A Funny Thing Happened on Thom Hartmann's Radio Show

 

Progressive journalist and radio show host, Thom Hartmann, thought he'd dodged a bullet when he skirted a listener's question whether Donald Trump is the Antichrist.  Then his switchboard was flooded with others asking the very same question.

That first caller clearly hit a nerve.

It’s a fascinating question, however, whether put literally or metaphorically.

Asking the question literally requires a belief in the actual reality of a Son-of-God Christ figure and of an Antichrist opponent of nearly equal but opposite power. This sort of thing fills the Bible, and I’ll get to that in a moment.

But first consider the question from the secular perspective, which argues these two terms represent, at their core, metaphors for the embodiment of good and evil.

Hartmann is reluctant to call Trump the Antichrist.
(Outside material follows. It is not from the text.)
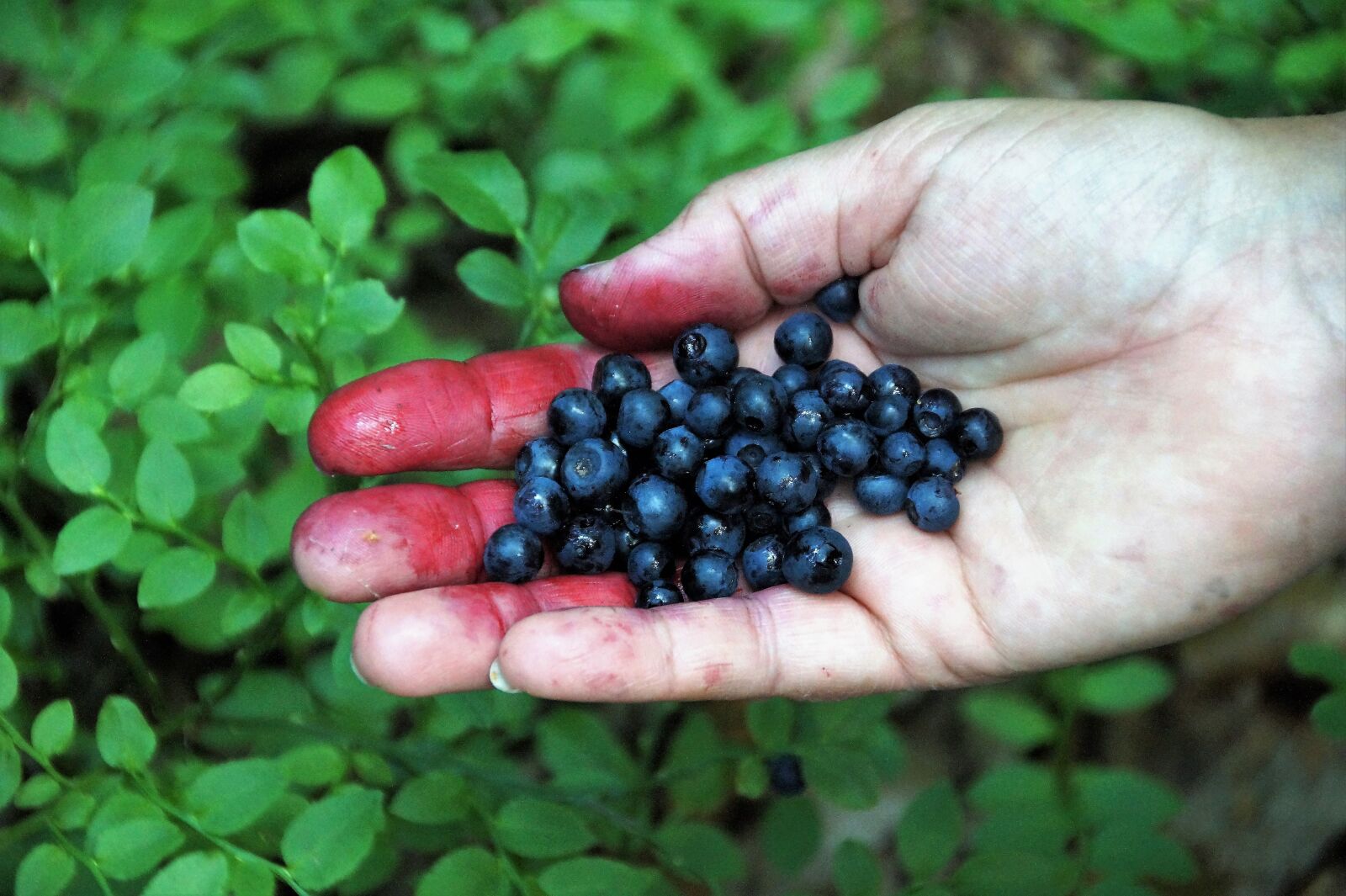 Sony SLT-A58 sample photo. Blueberries, forest, fruits photography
He sees plenty of evidence, however, that Trump is an Antichrist. For evidence, Hartmann relies on the Sermon on the Mount.
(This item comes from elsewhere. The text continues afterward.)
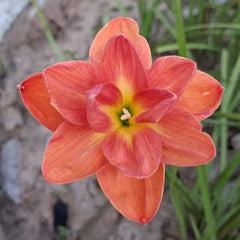 Close-up of a vibrant orange flower with a blurred background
Jesus’ disciples had gathered around him in a private and intimate setting.

Finally, they thought, they could ask him, straight up, the question that had been haunting them, particularly now that the Roman authorities were starting to talk about punishing or even executing them: How they could be sure to hang out with him in the afterlife?

Jesus told them that at the end of days he’d be sitting on his throne separating the sheep from the goats “as a shepherd divideth.”

The nations of “sheep” would go with him to heaven, the “goats” to hell.

“For I was an hungred, and ye gave me food,” he told his disciples he would say to the sheep. “I was thirsty, and ye gave me drink: I was a stranger, and ye took me in: naked, and ye clothed me: I was sick, and ye visited me: I was in prison, and ye came unto me.”

At this point, his disciples — who had never, ever seen Jesus hungry, thirsty, homeless, sick or naked — freaked out. Whoa! they shouted. We’re screwed!

“When saw we thee an hungred, and fed thee?” they asked, panicked. “Or thirsty, and gave thee drink? When saw we thee a stranger, and took thee in? Or naked, and clothed thee? Or when saw we thee sick, or in prison, and came unto thee?”

“Verily I say unto you,” Jesus replied, reassuring them, “Inasmuch as ye have done it unto one of the least of these my brethren, ye have done it unto me.”

This is the only place in the Bible where Jesus explicitly tells his disciples what acts they must perform, in their entirety, to get into heaven.

Feed the hungry, care for refugees, house and clothe the homeless, heal the sick, have compassion on those in prison.

That’s it.

And it’s a list that is quite literally the opposite of everything that Donald Trump advocates, stands for, and has done in his career.

Hartmann concludes that Trump may not be the Biblical Antichrist but he sure as hell is a political Antichrist.

Comments

  1. Sorry Squire; even giving the Great spaghetti monster in the sky even a cameo appearance should not enter our lexicon.
    Using religion as a matrix or transcript as to our worldly issues is at the very base of current and past problems and offers few if any solutions.

    FFS , Trump empowered the evangelicals , Harper gave it a shot; what did it give us..

    To accept religious belief into the conversation is akin to O,Tooles lets accommodate the anti vaxxers!

    TB



    ReplyDelete
    Replies
    1. I think Hartmann was using the "antichrist" in as secular a manner as possible. Yet his callers were not. Americans, like many in other countries, routinely use scripture as their political weather vane.